Sunshine laws open agency board meetings except for personnel and commercial issues. The purpose of these laws is to provide for the opportunity of the public to be informed about their use of publicly held assets.

The best defense against any potential problems about access to information in your files is a common one that we government workers have used since the time of President Nixon. Would you drop your morning coffee if the document you just filed appeared on the front page of the Washington Post tomorrow? It is advisable to regularly review your files and get rid of anything you do not want to see on the front page of your local paper. Encourage staff to insure that correspondence deals only with the issue(s) at hand and not to references to individuals or situations that you do not want publicly viewed. Sensitive correspondence should be returned to the sender. You are not responsible for records you do not have. If you can show you regularly clean your files, you will have little to worry about. But do not destroy anything once a request has been made. Requests for information are taken very seriously and must be responded to fully and promptly.

In conclusion, in addition to our institution's scholarly endeavors, we are all moderate to large sized businesses that are having to operate in a very public and litigious world.

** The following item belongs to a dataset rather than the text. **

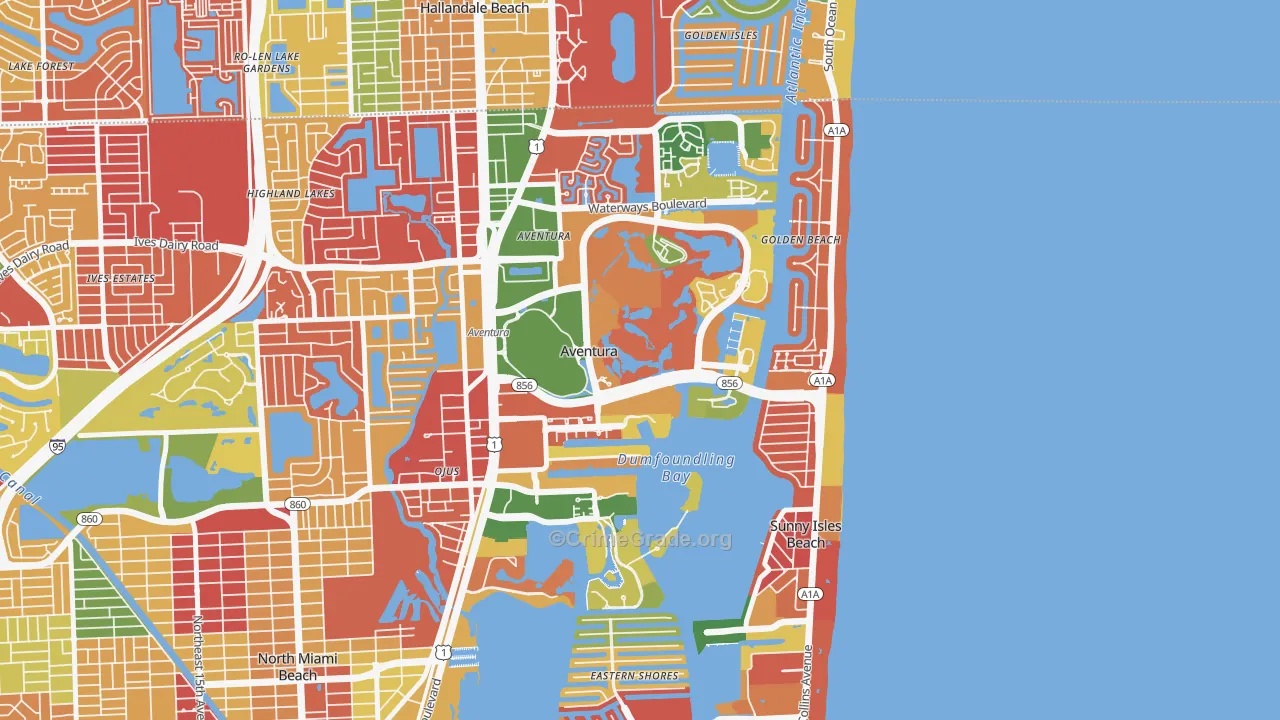 Aventura, FL Map of Theft Rates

Those of us involved in managing and sharing visual resources are entering a challenging period of time. We have to present our images and information to the public in as broad a manner as possible and make use of images of our collections in a way that meets our educational mandates and provides support for the maintenance of those collections. We have a resource and a basis in law to help us use them wisely.

I acknowledge as a source for much of the information I have provided, the many presentations I have attended at the American Law Institute - American Bar Association Legal Problems in Museum Administration programs since 1981. I strongly recommend that anyone who can attend these annual sessions do so. At minimum acquire and read the study materials. I also thank the most generous support and response to an inquiring mind that I have received from members of the Smithsonian Institution's Office of the General Counsel over many years, particularly Ildiko DeAngelis, James Douglas, Lauren Grant, and Christine Steiner.